In part one of my “Automated Web Analytics Testing with Selenium” series, I described the steps necessary to configure a custom web analytics beacon to enable automated testing of your site’s web analytics code. If you missed part one, you can find it here:
http://stdev.wordpress.com/2010/01/15/selenium-automation-webanalytics/
Since establishing the beacon, it has collected over 50,000 unique variables across countless pages, multiple test environments and from a combination of automated and manual test clients. While performance was a consideration in the original solution design, exposing the beacon to multiple test clients and introducing the possibility of parallel result processing quickly revealed a scalability problem. Given this (and for maintainability reasons), I decided to port the beacon from PHP, MySQL and Apache to .Net, MSSQL and IIS6. If you’re interested in the details, let me know and I can email you some info.

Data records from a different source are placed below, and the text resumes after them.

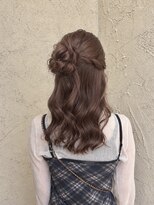 プリモ リコ(Primo.rico)&nbsp;ハーフアップ　くるみちゃんヘア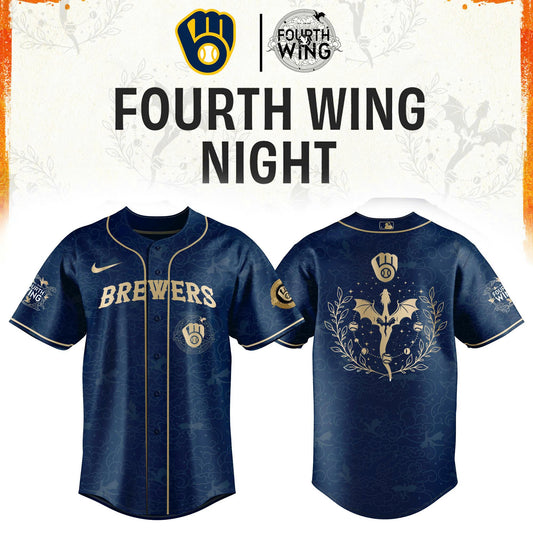 Milwaukee Brewers Fourth Wings Night Limited Edition Jersey| Cap | Jogger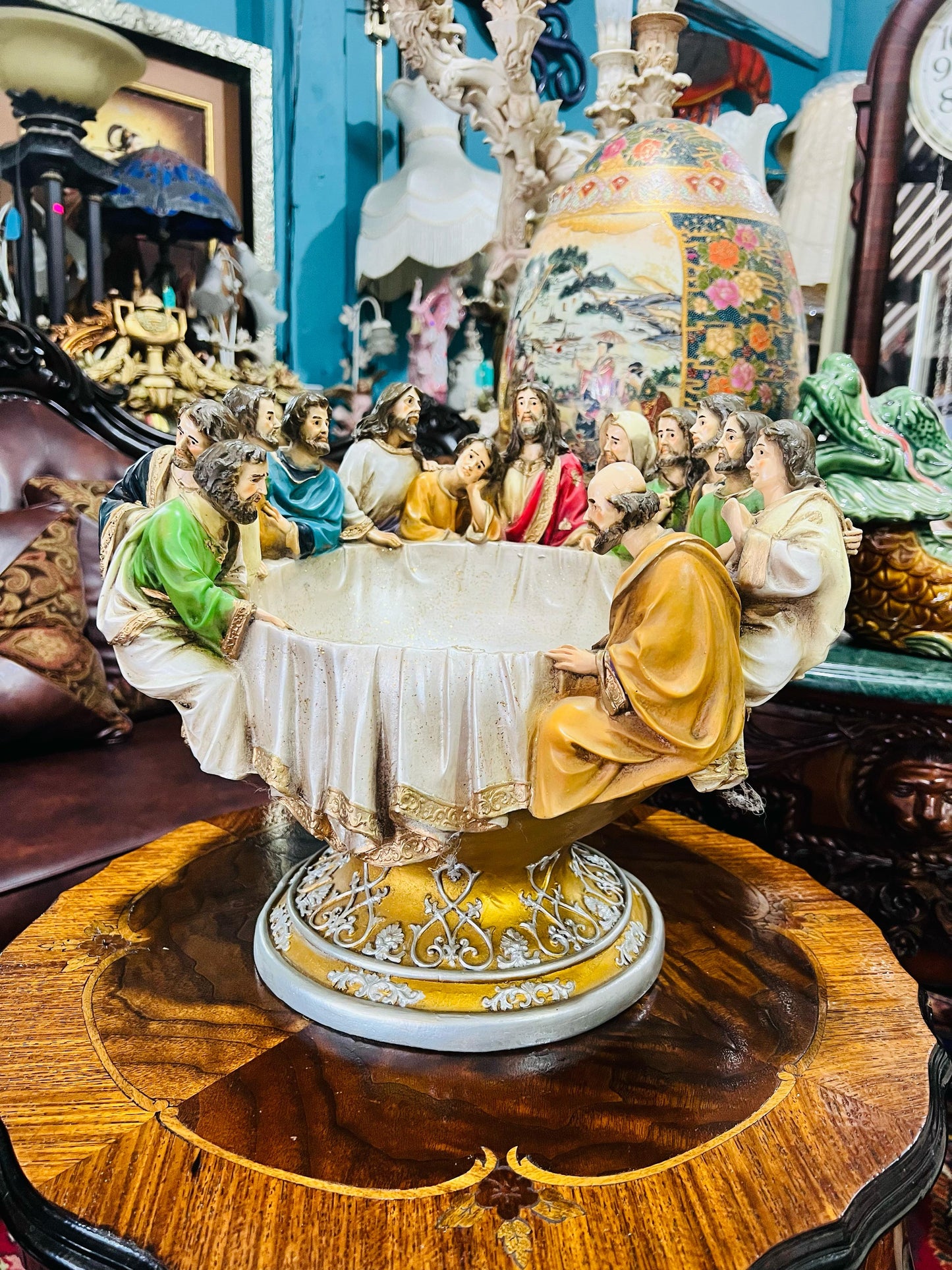 🌟 Frutero Decorativo de la Ultima Cena de Jesus – Un Símbolo de Fe y Arte Mexicano 🌟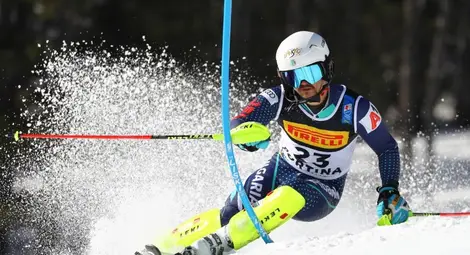 Алберт Попов не успя да завърши втория манш в Кортина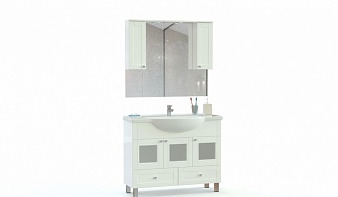 Мебель для ванной комнаты Долли 1 BMS комплект с тумбой, раковиной, зеркалом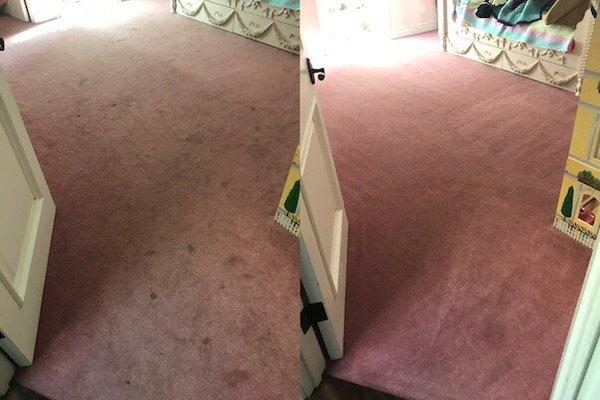 This client was going to replace the carpet, and this is what we did with it!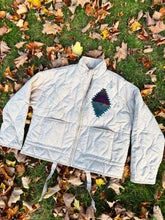 Load image into Gallery viewer, Billy Strings Fall Tour Quilted Oatmeal Pendleton Inspired Jacket - ONE Size M/L left!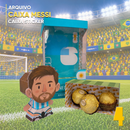Caixa Figurinha Messi (Argentina) – Arquivo Digital para Recorte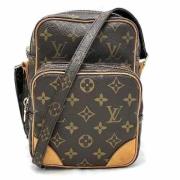 Louis Vuitton Vintage Pre-owned Canvas axelremsvskor Brown, Dam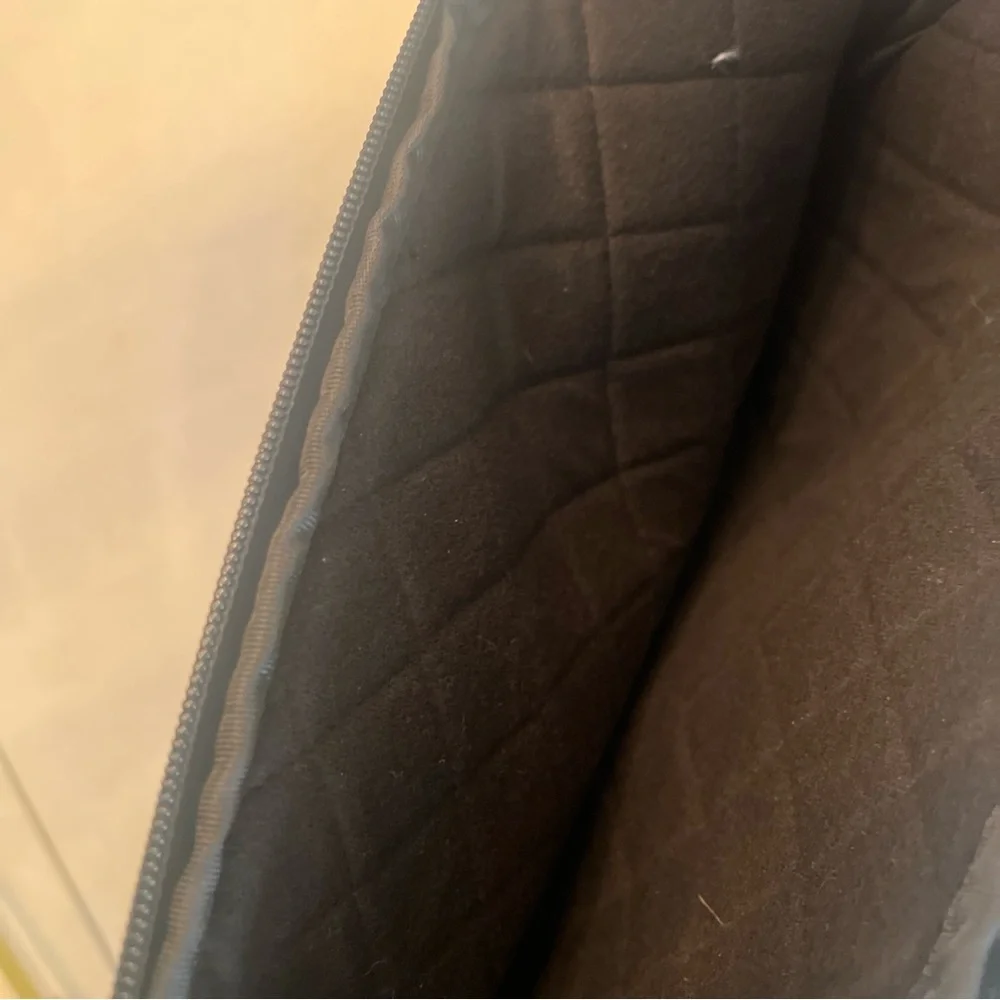 Dell Black Neoprene Tablet Sleeve Case Padded with Zip Pocket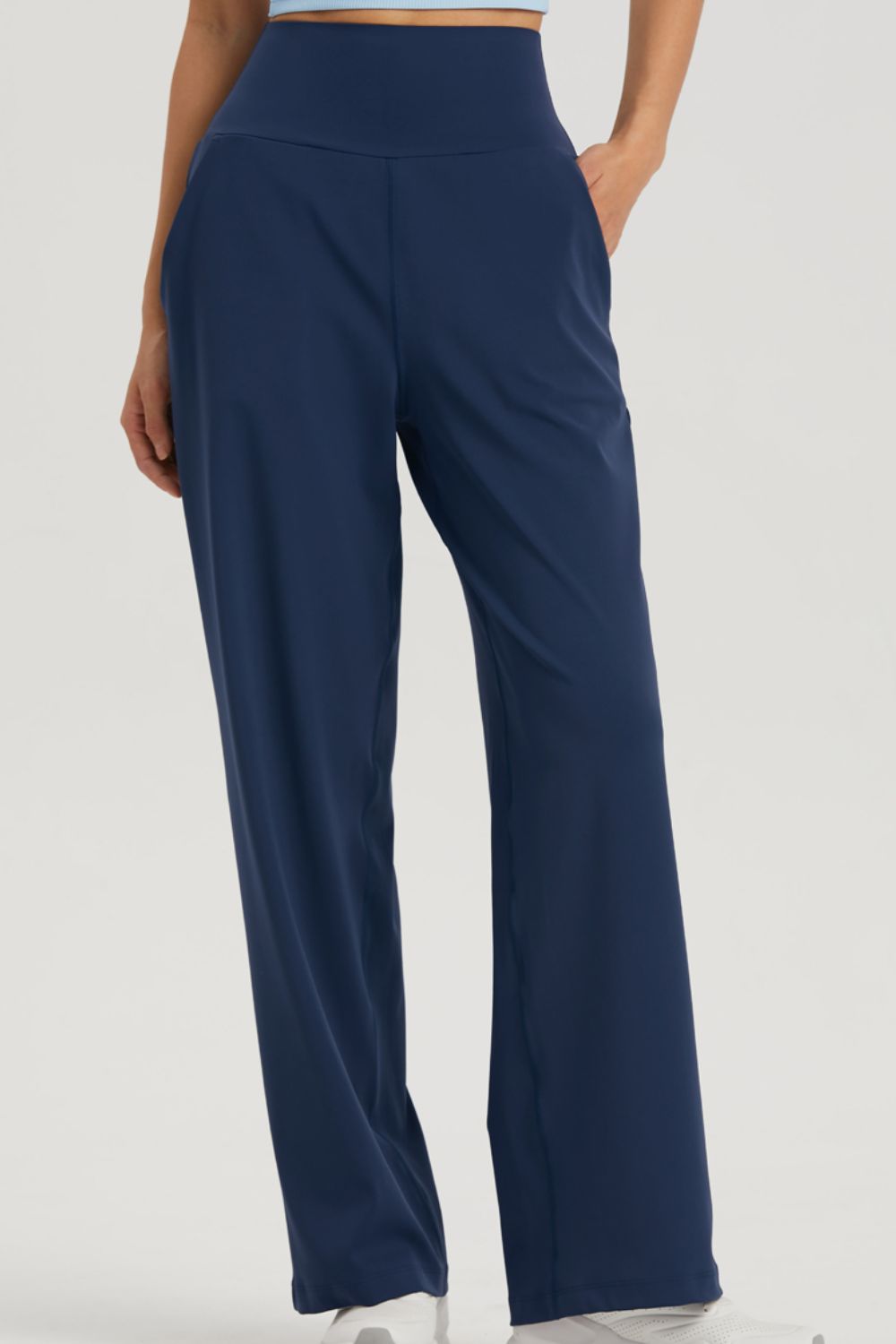 Straight Leg Sports Pants with Pockets  - Doll Fits
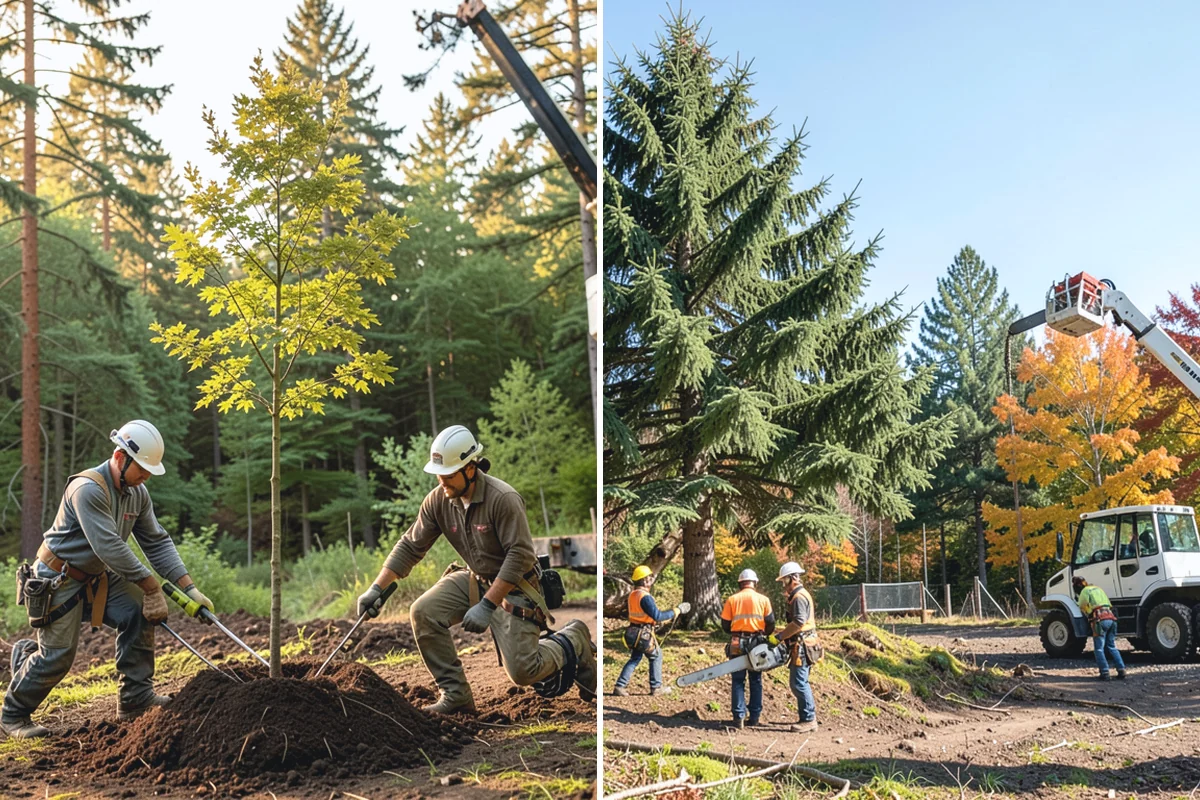 Root collar excavation in Roy, Pierce County, WA - Inspect the tree and its site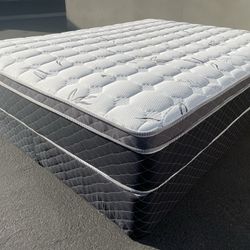 King Pillow Top Mattress And Box spring!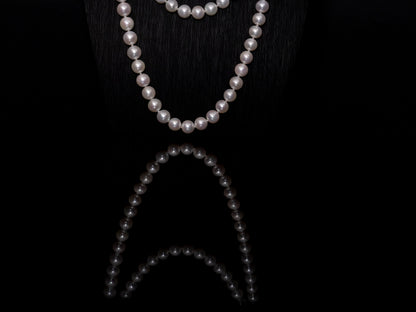 35.5" South Sea White Pearl Necklace | AAAAA Grade | 14K Clasp [cn005]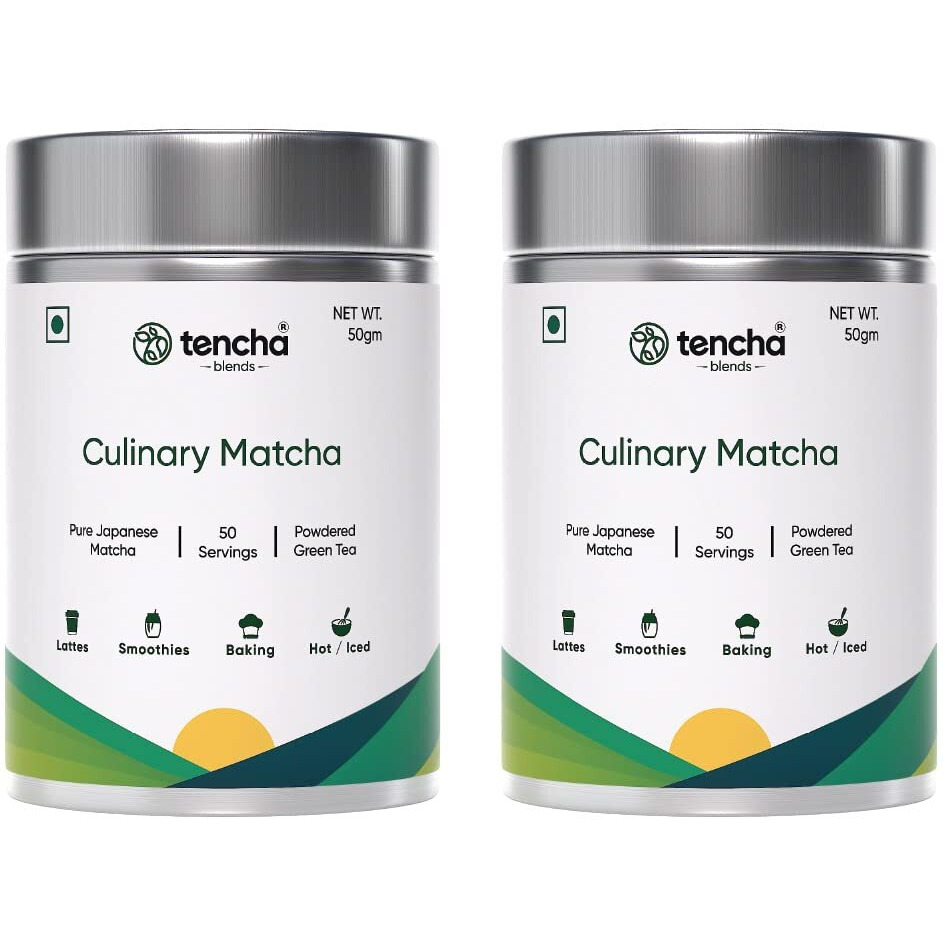 Tencha Culinary Matcha | Japanese Matcha Green Tea Powder | Sourced From Shizouka, Japan | Vegan | No Artificial Sweeteners | 50Gm, Pack Of 2, 50 grams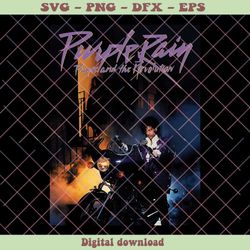 Prince And The Revolution Purple Rain PNG Sublimation
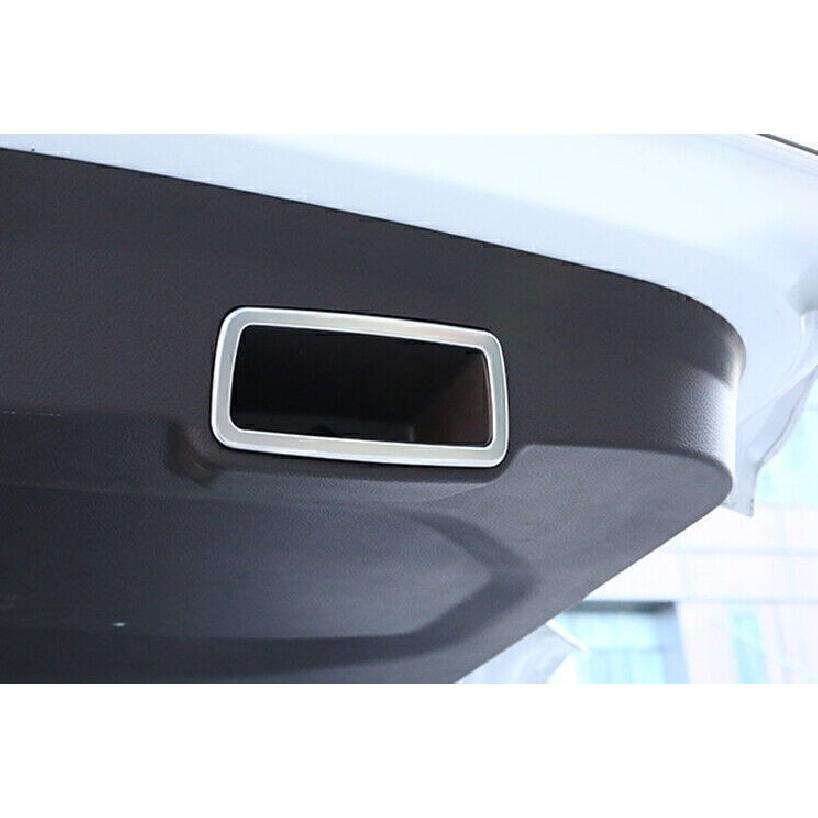 For Jeep Renegade 2015-2023 Silver Steel Tailgate Trunk Handle Lock Frame Trim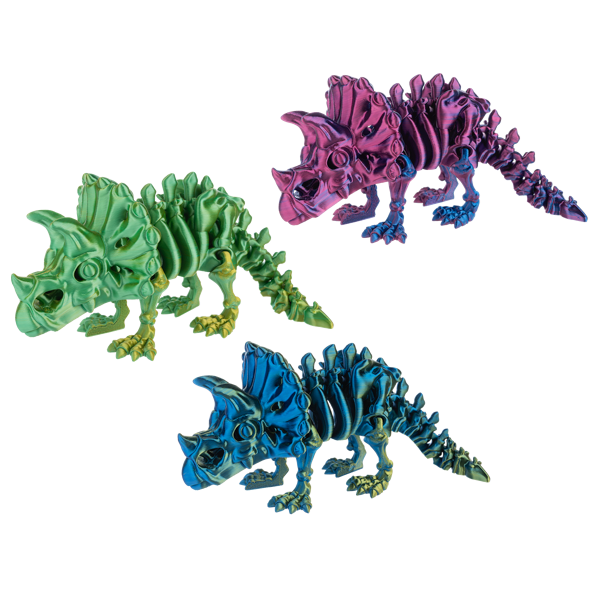 Shimmer Triceratops 10.5" - Purple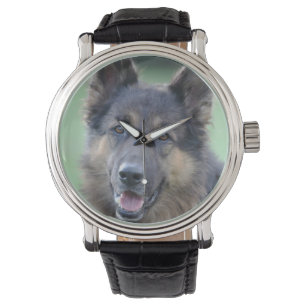 Porträt des Deutschen Sheppard Armbanduhr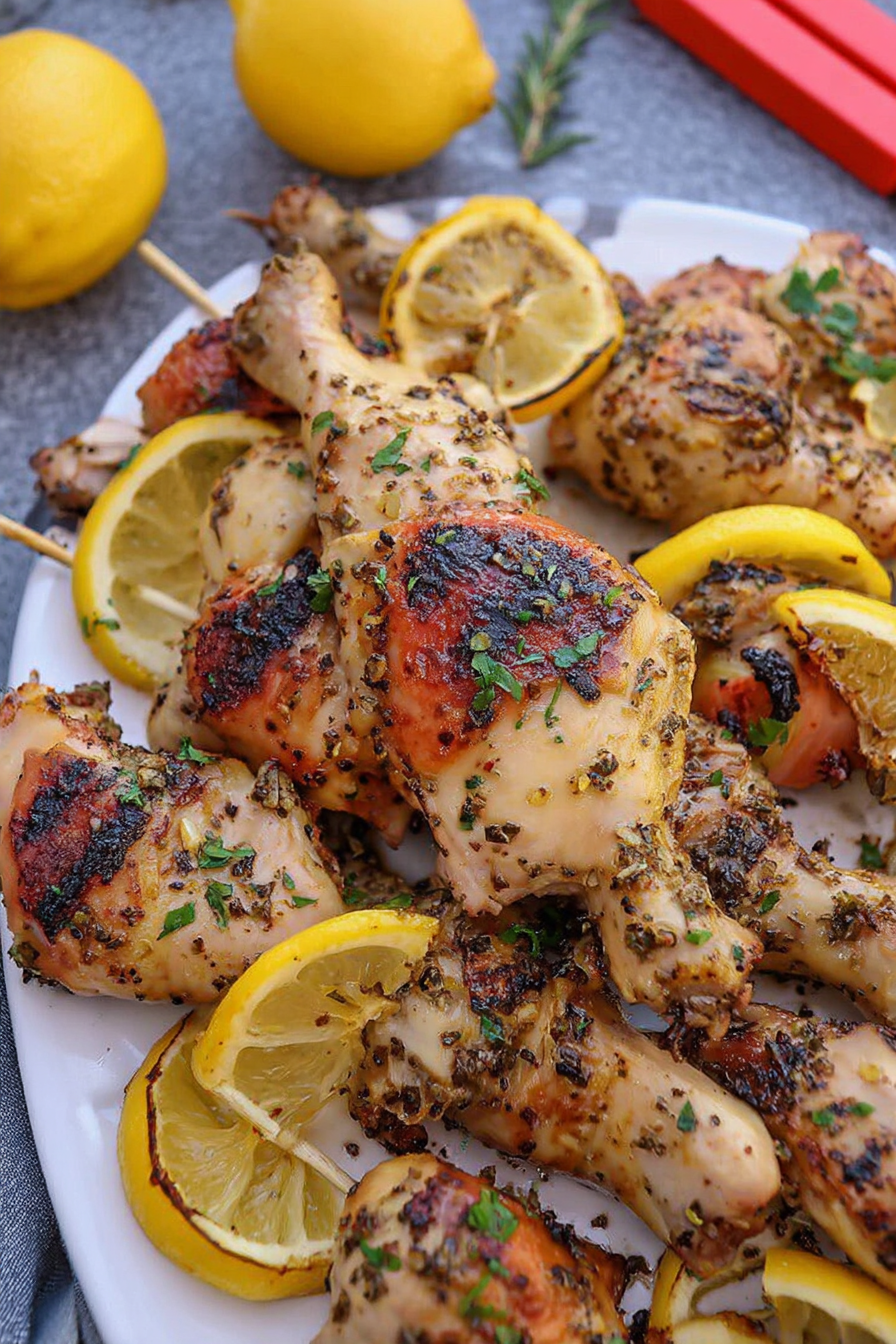 Zesty Grilled Chicken Skewers: Flavor explosion in mouth.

Below is a summary of some of my findings from the project with some important considerations for anyone wishing to develop their own custom analytics beacon.
Be Selective
In the beginning, it’s likely that your beacon will be logging ALL analytics data being sent to it. This isn’t a problem, but it can turn into one if left too long. Logging duplicate or irrelevant data will unnecessarily increase the size of your database and potentially increase processing times.
After you’ve gathered a good amount of data, perform some analysis to determine whether there’s anything being logged that you don’t care about. For example, it’s very likely that you’re beacon is storing analytics variables which detail page access times. In terms of testing your analytics code, these dynamic variables probably don’t reveal much and can be ignored.
In addition, ensure that any url’s you’re using to identify pages are stripped of any variable query string data before logging. You’ll likely be using these urls to identify unique pages so this variable data can mislead your beacon into logging another instance of what is actually an existing page.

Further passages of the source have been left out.